» Provided records
..............................

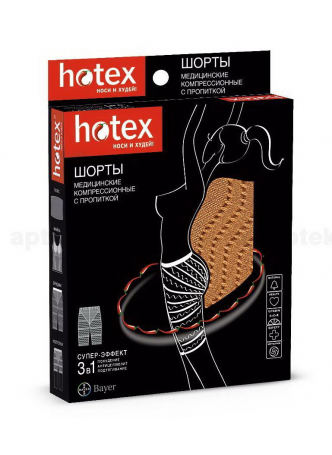 Hotex шорты компрессионные бежевые 3в1 N 1 оптом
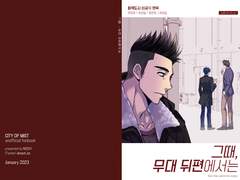 [정재+은창상일] 그때, 무대 뒤편에서는 WEB재록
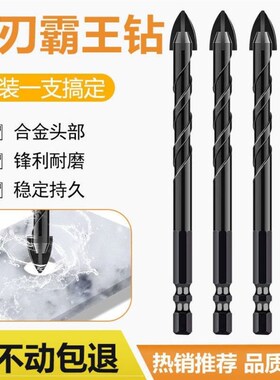 瓷砖钻头十字四刃圆柄三角钻超硬合金墙壁混凝土陶瓷钻打孔冲击钻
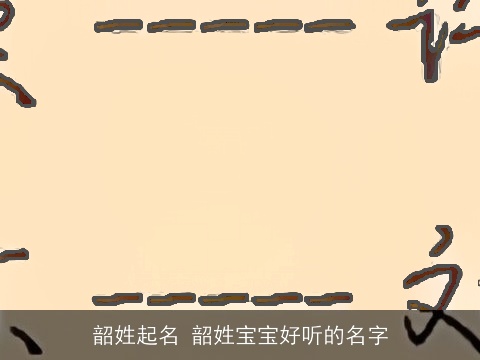 韶姓起名 韶姓宝宝好听的名字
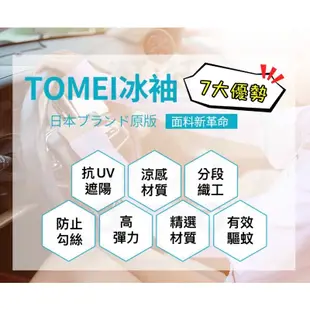 【逛逛】防曬驅蚊涼感袖套 #TOMEI袖套 #涼感袖套 #防蚊袖套 #防曬袖套 #芳香袖套 #日本袖套 #日本原裝#袖套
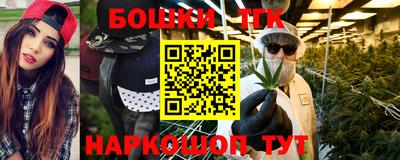 ГАЛЛЮЦИНОГЕННЫЕ ГРИБЫ Шелехов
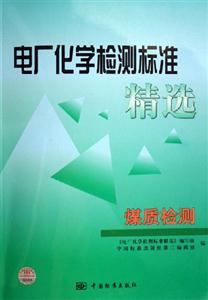 電廠化學(xué)檢測標(biāo)準(zhǔn)精煤質(zhì)檢測 電廠化學(xué)檢測標(biāo)準(zhǔn)精煤質(zhì)檢測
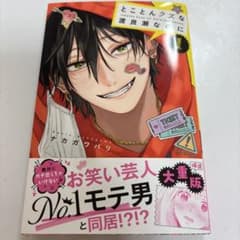 とことんクズな渡良瀬なのにのサムネイル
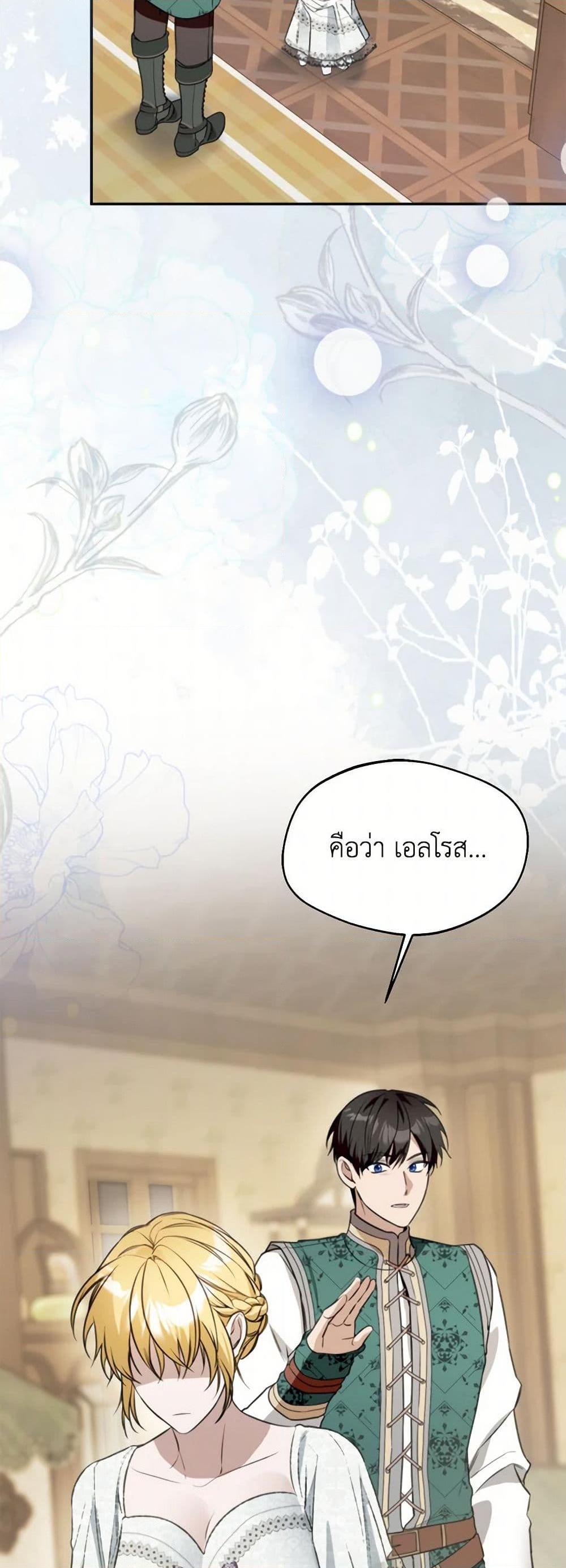 Manga-lc-com อ่านมังงะ อ่านการ์ตูน ออนไลน์ ฟรี Carefully Choosing a Husband ตอนที่ 1 2 3 4 5 6 7 8 9 10 11 12 13 14 ฟรี ไม่มีโฆษณา Manga-lc - อ่าน มังงะ อ่าน การ์ตูน ออนไลน์ อ่านมังงะ ฟรี
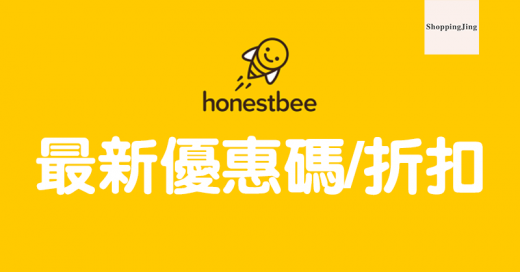 honestbee-discount-code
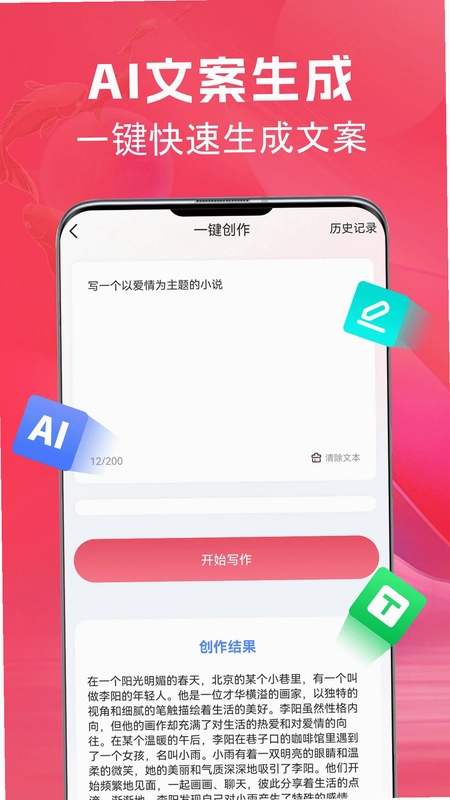 AI文案鱼预览图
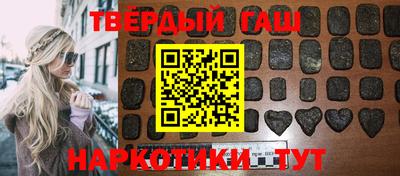 синтетический гашиш Обнинск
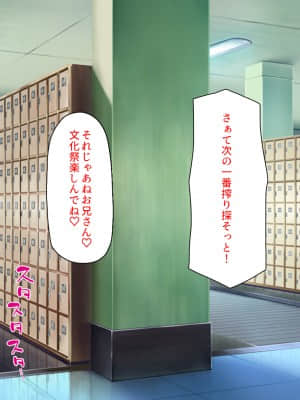 [ 汁っけの多い柘榴] 誰もがイキたい女子学園のエロ文化祭_037_CG_02_19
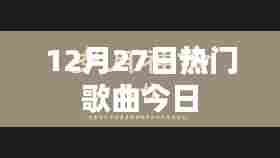 12月27日热门歌曲榜单今日更新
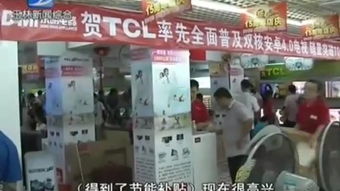 国庆长假玉城家电销售火爆，智能与健康成消费新宠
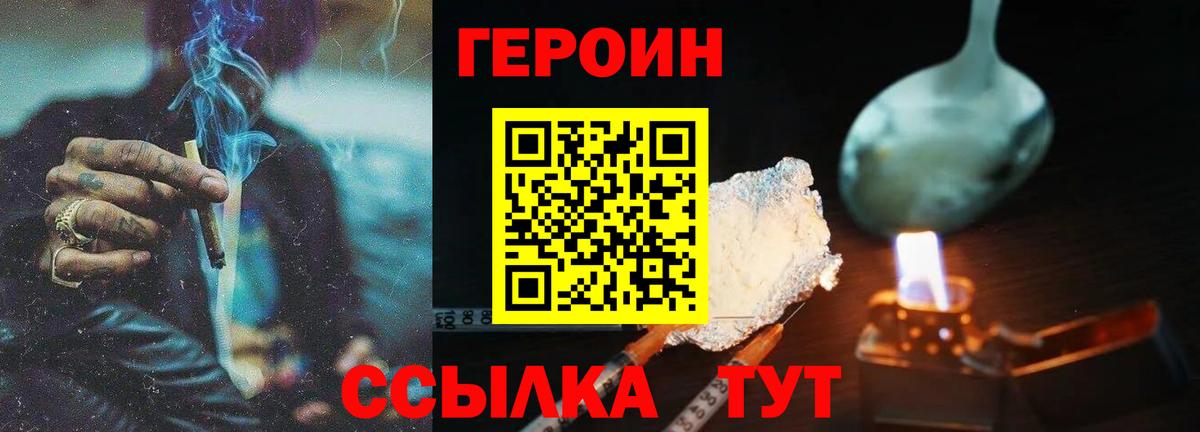 Героин VHQ Назарово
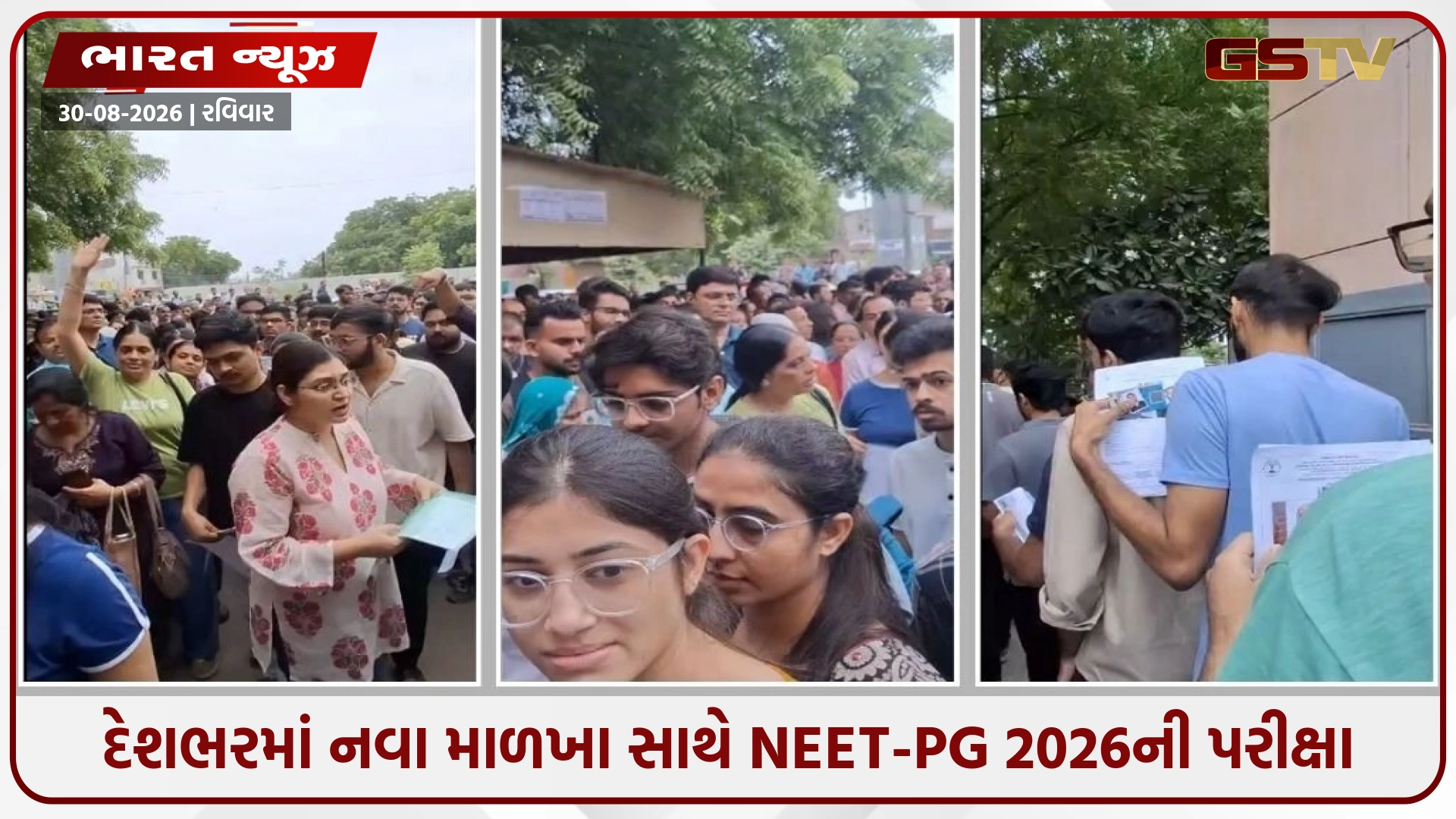 દેશભરમાં નવી પદ્ધતિ સાથે NEET-PGની પરીક્ષા, ગુજરાતના 50 કેન્દ્રો પર 15 હજારથી વધુ ઉમેદવારો પરીક્ષામાં જોડાયા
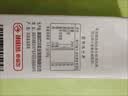 蒙牛特仑苏纯牛奶200mL*24盒 3.6g蛋白 家庭囤货整箱牛奶早餐奶  实拍图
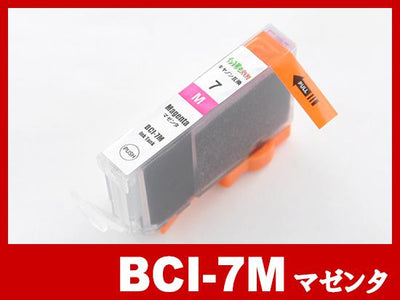 BCI-7M(マゼンタ)キヤノン[Canon]互換インクカートリッジ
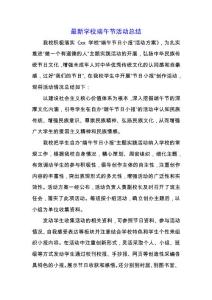 最新學校端午節活動總結.docx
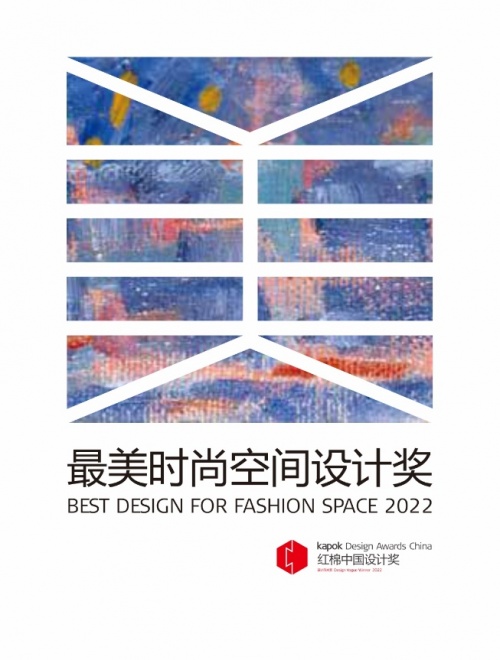2022马可波罗岩板X广州设计周最美时尚空间设计奖正式启动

..............................

Print exactly the line containing "最新學校端午節活動總結.docx" and every line after it through the final line above, and leave all pictures out.

» Response to the exercise
 最新學校端午節活動總結.docx
2022马可波罗岩板X广州设计周最美时尚空间设计奖正式启动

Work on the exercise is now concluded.